Exercise data:
+--

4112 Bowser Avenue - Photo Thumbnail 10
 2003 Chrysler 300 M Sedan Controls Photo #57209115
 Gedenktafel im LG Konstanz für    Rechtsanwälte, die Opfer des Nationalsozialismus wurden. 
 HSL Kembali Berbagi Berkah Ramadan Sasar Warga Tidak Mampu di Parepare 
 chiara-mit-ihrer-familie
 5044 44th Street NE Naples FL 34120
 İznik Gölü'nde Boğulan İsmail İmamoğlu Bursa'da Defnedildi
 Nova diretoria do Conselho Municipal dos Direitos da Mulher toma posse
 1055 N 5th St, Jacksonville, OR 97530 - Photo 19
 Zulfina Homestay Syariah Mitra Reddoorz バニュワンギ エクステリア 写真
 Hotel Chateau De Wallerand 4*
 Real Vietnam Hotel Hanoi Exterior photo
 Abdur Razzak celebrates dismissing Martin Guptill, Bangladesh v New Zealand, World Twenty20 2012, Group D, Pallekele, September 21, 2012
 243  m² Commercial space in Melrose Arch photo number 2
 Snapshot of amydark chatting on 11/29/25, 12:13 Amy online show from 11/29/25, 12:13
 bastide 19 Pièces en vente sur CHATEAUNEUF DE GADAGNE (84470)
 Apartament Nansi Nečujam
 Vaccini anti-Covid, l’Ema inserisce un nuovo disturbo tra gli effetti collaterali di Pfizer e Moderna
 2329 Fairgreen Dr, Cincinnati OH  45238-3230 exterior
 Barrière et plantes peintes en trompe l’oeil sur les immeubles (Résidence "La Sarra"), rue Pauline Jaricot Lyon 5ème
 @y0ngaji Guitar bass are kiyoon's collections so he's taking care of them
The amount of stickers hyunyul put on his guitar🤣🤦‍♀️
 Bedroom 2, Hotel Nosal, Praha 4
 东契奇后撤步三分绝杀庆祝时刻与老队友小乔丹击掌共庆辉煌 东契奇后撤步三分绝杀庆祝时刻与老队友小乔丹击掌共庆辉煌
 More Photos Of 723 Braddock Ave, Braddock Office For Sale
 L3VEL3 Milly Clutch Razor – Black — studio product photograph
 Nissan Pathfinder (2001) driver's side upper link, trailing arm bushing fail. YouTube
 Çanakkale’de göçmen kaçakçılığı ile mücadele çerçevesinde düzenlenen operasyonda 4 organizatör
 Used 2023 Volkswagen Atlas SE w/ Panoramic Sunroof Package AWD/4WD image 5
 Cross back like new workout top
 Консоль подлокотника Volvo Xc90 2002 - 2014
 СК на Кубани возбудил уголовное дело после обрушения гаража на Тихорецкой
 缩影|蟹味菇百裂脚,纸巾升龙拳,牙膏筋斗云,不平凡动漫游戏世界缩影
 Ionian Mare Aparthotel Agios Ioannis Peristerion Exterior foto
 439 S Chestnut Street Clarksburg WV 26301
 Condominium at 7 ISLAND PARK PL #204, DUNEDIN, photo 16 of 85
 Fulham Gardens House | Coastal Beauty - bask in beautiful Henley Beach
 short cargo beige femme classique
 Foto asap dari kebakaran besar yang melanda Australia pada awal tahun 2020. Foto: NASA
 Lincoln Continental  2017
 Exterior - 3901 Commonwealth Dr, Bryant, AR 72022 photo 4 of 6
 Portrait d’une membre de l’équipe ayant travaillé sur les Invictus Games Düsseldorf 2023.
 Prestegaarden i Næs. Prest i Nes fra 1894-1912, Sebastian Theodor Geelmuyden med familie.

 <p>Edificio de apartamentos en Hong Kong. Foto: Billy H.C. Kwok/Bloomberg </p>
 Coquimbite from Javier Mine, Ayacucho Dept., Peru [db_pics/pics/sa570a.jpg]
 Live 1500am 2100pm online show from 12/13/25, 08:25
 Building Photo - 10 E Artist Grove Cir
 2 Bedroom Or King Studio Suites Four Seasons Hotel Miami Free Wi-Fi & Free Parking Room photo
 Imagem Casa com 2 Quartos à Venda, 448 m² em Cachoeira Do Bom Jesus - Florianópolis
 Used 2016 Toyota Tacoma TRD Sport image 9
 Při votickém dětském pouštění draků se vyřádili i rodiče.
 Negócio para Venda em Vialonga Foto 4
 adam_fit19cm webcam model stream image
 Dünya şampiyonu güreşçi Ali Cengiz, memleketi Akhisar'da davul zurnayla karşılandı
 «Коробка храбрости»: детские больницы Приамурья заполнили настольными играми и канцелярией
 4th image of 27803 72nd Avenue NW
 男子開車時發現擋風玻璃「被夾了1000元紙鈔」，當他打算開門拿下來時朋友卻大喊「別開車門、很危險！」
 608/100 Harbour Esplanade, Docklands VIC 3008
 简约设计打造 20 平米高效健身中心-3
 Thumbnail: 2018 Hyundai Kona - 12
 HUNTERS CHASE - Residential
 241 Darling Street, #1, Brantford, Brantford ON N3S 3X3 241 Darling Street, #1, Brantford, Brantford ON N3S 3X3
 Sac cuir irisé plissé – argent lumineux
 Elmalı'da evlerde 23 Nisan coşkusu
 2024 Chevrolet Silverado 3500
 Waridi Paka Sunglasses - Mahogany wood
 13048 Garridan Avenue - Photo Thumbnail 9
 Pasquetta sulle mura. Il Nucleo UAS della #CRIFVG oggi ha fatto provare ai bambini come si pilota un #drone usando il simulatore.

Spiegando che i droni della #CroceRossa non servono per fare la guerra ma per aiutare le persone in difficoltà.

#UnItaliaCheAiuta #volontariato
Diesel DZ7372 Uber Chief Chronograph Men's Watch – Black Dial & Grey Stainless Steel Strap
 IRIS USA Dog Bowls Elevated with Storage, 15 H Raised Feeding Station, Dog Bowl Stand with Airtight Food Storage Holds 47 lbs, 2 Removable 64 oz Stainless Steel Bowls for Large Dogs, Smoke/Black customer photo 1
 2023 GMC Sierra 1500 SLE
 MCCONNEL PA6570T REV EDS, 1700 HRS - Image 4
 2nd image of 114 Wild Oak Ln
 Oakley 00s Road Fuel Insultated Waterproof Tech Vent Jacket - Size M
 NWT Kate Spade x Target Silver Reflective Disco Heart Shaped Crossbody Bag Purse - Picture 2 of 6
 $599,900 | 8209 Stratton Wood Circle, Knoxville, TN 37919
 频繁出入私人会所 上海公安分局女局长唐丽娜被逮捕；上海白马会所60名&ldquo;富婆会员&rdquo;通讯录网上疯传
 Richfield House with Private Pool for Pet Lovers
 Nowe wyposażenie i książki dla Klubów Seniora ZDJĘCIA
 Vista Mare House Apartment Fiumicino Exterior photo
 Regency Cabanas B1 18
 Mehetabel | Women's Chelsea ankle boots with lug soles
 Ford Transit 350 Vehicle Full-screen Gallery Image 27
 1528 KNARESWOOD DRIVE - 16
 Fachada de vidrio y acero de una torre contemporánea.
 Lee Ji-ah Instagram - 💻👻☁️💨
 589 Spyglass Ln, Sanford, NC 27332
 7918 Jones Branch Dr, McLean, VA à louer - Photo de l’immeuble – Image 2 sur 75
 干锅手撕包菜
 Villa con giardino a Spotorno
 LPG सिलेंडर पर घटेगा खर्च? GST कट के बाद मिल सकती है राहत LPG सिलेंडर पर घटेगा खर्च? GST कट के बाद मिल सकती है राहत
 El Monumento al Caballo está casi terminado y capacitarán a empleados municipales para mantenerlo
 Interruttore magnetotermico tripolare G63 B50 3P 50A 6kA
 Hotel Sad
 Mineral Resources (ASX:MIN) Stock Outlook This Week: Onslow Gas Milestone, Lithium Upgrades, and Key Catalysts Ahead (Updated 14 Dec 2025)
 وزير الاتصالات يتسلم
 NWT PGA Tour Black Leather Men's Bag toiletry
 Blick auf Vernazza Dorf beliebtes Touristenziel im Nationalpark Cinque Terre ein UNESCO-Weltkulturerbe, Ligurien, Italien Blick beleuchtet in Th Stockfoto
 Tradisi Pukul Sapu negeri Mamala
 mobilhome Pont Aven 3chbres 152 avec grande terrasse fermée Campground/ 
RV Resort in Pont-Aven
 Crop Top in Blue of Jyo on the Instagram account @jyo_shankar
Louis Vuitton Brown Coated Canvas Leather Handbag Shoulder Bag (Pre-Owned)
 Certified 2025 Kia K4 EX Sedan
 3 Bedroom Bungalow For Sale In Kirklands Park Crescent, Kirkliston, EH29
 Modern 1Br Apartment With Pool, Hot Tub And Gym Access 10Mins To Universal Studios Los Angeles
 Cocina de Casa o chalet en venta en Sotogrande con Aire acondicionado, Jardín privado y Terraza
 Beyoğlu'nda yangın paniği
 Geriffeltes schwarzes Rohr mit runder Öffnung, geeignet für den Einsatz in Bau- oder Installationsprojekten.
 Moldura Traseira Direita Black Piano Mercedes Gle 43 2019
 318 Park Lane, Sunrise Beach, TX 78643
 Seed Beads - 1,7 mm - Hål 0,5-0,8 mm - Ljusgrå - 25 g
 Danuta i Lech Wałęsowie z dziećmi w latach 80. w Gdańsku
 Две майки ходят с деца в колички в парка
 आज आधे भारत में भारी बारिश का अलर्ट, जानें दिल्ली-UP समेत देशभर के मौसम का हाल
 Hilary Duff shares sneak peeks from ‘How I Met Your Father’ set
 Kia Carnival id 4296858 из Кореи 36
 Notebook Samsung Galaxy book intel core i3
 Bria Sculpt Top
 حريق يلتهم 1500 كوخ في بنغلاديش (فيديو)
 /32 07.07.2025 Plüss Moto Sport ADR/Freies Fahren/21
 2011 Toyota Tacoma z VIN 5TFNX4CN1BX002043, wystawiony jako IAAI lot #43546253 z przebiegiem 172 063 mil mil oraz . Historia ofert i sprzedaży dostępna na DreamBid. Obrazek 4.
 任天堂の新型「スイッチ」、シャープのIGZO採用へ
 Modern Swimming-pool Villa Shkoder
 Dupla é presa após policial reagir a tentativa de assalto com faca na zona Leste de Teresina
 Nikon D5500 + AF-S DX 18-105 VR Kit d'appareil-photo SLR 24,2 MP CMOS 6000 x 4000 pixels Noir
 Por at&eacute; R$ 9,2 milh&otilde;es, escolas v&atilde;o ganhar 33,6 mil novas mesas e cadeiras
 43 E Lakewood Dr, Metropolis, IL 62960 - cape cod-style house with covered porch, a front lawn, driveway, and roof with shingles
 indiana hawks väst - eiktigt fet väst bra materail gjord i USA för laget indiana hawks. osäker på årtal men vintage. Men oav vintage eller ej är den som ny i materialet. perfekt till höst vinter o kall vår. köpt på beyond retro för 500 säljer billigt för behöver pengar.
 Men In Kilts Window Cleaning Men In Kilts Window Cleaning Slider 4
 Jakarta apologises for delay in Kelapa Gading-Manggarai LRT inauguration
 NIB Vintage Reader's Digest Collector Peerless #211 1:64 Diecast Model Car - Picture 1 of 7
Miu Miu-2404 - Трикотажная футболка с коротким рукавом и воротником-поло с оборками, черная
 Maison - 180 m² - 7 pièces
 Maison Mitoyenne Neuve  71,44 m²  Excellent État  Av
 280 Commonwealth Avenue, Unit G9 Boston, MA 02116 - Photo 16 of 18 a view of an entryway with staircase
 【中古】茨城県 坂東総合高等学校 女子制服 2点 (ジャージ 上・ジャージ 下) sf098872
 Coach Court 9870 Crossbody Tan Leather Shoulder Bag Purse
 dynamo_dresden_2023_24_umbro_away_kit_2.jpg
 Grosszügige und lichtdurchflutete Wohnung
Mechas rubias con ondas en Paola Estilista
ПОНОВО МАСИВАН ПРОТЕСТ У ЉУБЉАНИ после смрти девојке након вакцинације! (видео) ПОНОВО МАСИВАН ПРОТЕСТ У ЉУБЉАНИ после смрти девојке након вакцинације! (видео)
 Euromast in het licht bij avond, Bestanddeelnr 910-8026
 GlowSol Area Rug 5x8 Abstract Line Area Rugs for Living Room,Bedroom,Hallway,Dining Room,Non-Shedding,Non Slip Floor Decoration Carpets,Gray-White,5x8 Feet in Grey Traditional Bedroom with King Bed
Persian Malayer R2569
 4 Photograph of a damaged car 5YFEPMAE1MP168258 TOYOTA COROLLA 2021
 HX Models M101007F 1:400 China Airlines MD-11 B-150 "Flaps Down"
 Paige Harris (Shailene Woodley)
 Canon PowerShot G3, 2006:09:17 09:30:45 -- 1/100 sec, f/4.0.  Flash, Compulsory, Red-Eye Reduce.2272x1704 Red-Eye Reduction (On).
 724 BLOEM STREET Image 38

+--

Given the data above, transcribe exactly the lines from the one containing "7918 Jones Branch" down to the one containing "Beyoğlu'nda yangın paniği", and no others.

 7918 Jones Branch Dr, McLean, VA à louer - Photo de l’immeuble – Image 2 sur 75
 干锅手撕包菜
 Villa con giardino a Spotorno
 LPG सिलेंडर पर घटेगा खर्च? GST कट के बाद मिल सकती है राहत LPG सिलेंडर पर घटेगा खर्च? GST कट के बाद मिल सकती है राहत
 El Monumento al Caballo está casi terminado y capacitarán a empleados municipales para mantenerlo
 Interruttore magnetotermico tripolare G63 B50 3P 50A 6kA
 Hotel Sad
 Mineral Resources (ASX:MIN) Stock Outlook This Week: Onslow Gas Milestone, Lithium Upgrades, and Key Catalysts Ahead (Updated 14 Dec 2025)
 وزير الاتصالات يتسلم
 NWT PGA Tour Black Leather Men's Bag toiletry
 Blick auf Vernazza Dorf beliebtes Touristenziel im Nationalpark Cinque Terre ein UNESCO-Weltkulturerbe, Ligurien, Italien Blick beleuchtet in Th Stockfoto
 Tradisi Pukul Sapu negeri Mamala
 mobilhome Pont Aven 3chbres 152 avec grande terrasse fermée Campground/ 
RV Resort in Pont-Aven
 Crop Top in Blue of Jyo on the Instagram account @jyo_shankar
Louis Vuitton Brown Coated Canvas Leather Handbag Shoulder Bag (Pre-Owned)
 Certified 2025 Kia K4 EX Sedan
 3 Bedroom Bungalow For Sale In Kirklands Park Crescent, Kirkliston, EH29
 Modern 1Br Apartment With Pool, Hot Tub And Gym Access 10Mins To Universal Studios Los Angeles
 Cocina de Casa o chalet en venta en Sotogrande con Aire acondicionado, Jardín privado y Terraza
 Beyoğlu'nda yangın paniği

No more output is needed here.